A classificação de tudo o que tem passado pelo festival, sob um epíteto generalista e que todos acomode sem ferir a individualidade das várias expressões, poderia dar-se sob o selo de experimental. São raríssimos os espectáculos que seguem um guião, pré-formatados ao estilo de canção entrecortada por aplausos; pelo contrário, privilegia-se a forma fluida, improvisada, inerente a estilos que vão do free jazz à electrónica electroacústica. E engane-se quem julga que se trata de jargão inacessível e sobre-intelectualizado: a oferta do Semibreve, distinta de praticamente tudo o que povoa a cultura mediada à grande escalada e distribuída em massas, pode e deve ser fruída sem pudores, com gosto e curiosidade.

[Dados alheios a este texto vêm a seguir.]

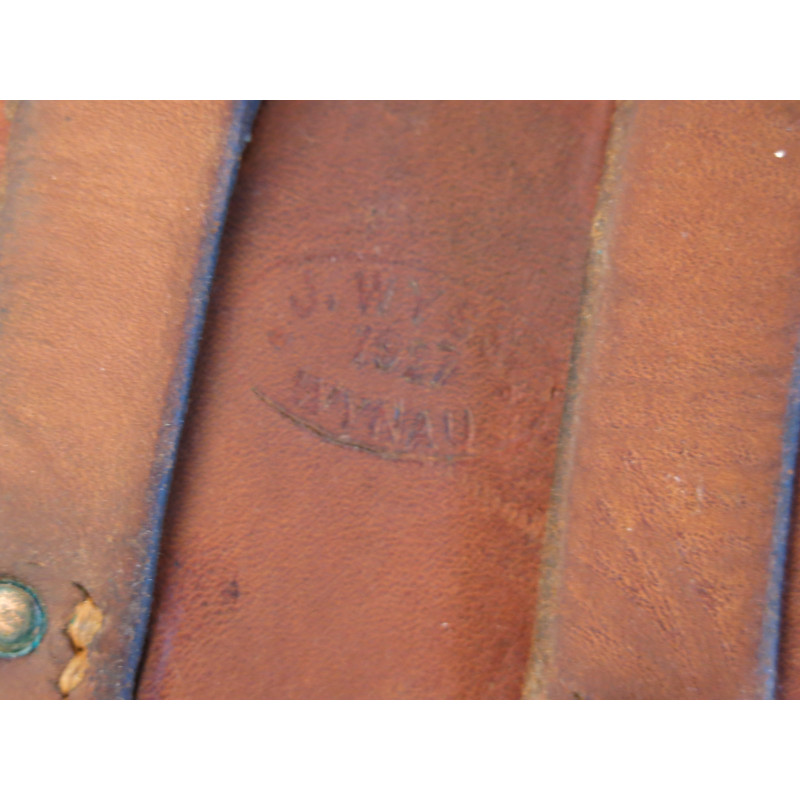 Etui cuir revolver Suisse 1882 daté 1927 Réf et 777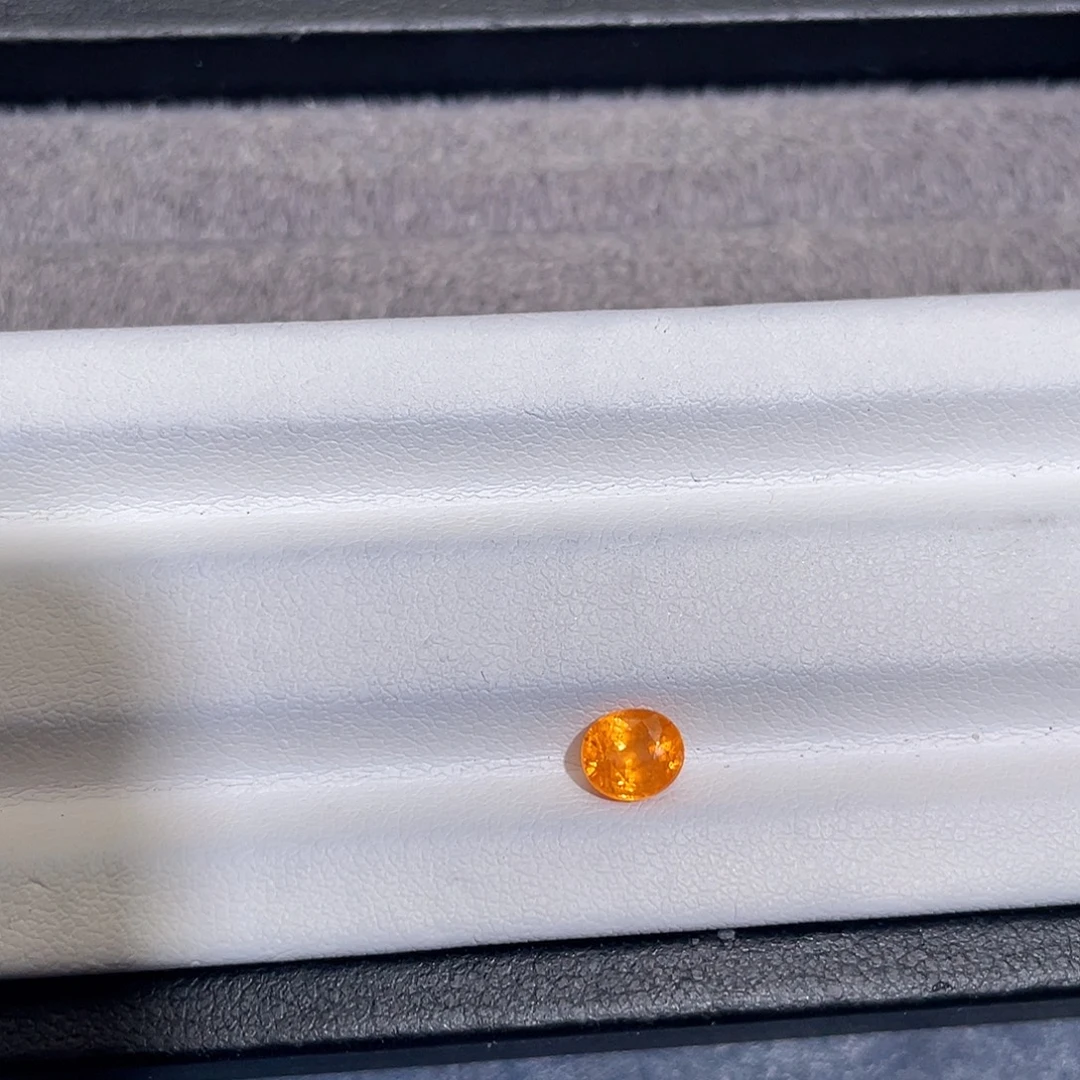 吊坠石榴石（芬达石）未镶嵌1.22ct汽水色 特价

Os concertos são o cerne do festival, e, a haver um tema explícito para esta edição, seria porventura a colaboração. O espectáculo de abertura, na quinta-feira, ficou a cargo de CV & JAB (ou seja, Christina Vantzou e John Also Bennett) no Santuário do Bom Jesus do Monte, que nos abrigava de um certo tipo de chuva que parece cair de forma especial em Braga. Ouvimos uma interpretação livre dum trabalho conjunto de ambos, enquanto dispunham de piano, uma flauta, e muita instrumentação digital — construíram, a partir disso, a sua música, numa arquitectura indefinida e algo frágil, enquanto a baixa iluminação convidava uma espécie de meditação. Na posterior escuta do disco, reconheço alguns dos elementos e motivos sonoros dessa noite, mas não todos: a dada altura do concerto, surgem gravações de sons que nos são obviamente familiares, e quando reapropriados na performance, soltam-se da sua origem e manifestam-se apenas como sons, ora cortantemente agudos ora ritmadamente percutivos.

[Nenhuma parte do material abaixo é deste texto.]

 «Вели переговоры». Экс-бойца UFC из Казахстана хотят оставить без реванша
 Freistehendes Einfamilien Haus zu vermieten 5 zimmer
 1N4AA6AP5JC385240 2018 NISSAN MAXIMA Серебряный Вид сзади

Houve outras parcerias ao longo do festival. Na primeira noite de concertos no Theatro Circo, Zeena Parkins partilhou o palco com André Gonçalves, para que uma harpa preparada, e mais algumas geringonças, produzissem sons alienígenas e dialogassem com o sintetizador modular, numa exploração guiada, sobretudo, por um sentido de curiosidade; logo depois, Klara Lewis e Nik Void, num registo que a espaços se aproximava do formato de canção (uma sequência de ideias breves, com dois ou três minutos), trilharam texturas industriais e ritmadas para, com o recurso a autotune e alguns truques melódicos, intuírem aproximações ao universo pop. E quando, no dia seguinte, Oliver Coates e Laurel Halo levaram a concerto o que parece ser fruto de uma relação em vários capítulos, ficou no ouvido um momento que, sem desprimor, consideramos o mais acessível de todo o festival: o violoncelista, que participou em Raw Silk Uncut Wood e também na banda sonora de Possessed — ambos lançados por Laurel Halo —, prestou-se a conduzir uma narrativa cinemática, território minimal que é parco em gestos arriscados, e que privilegia a repetição. Não surpreendeu quando ouvimos cá fora, nos momentos em que o público mede entre si impressões imediatas do que foi experienciado, ter sido um enorme sucesso sublime — e há quem faça destes momentos um esgrima intelectual, que urge apreciar.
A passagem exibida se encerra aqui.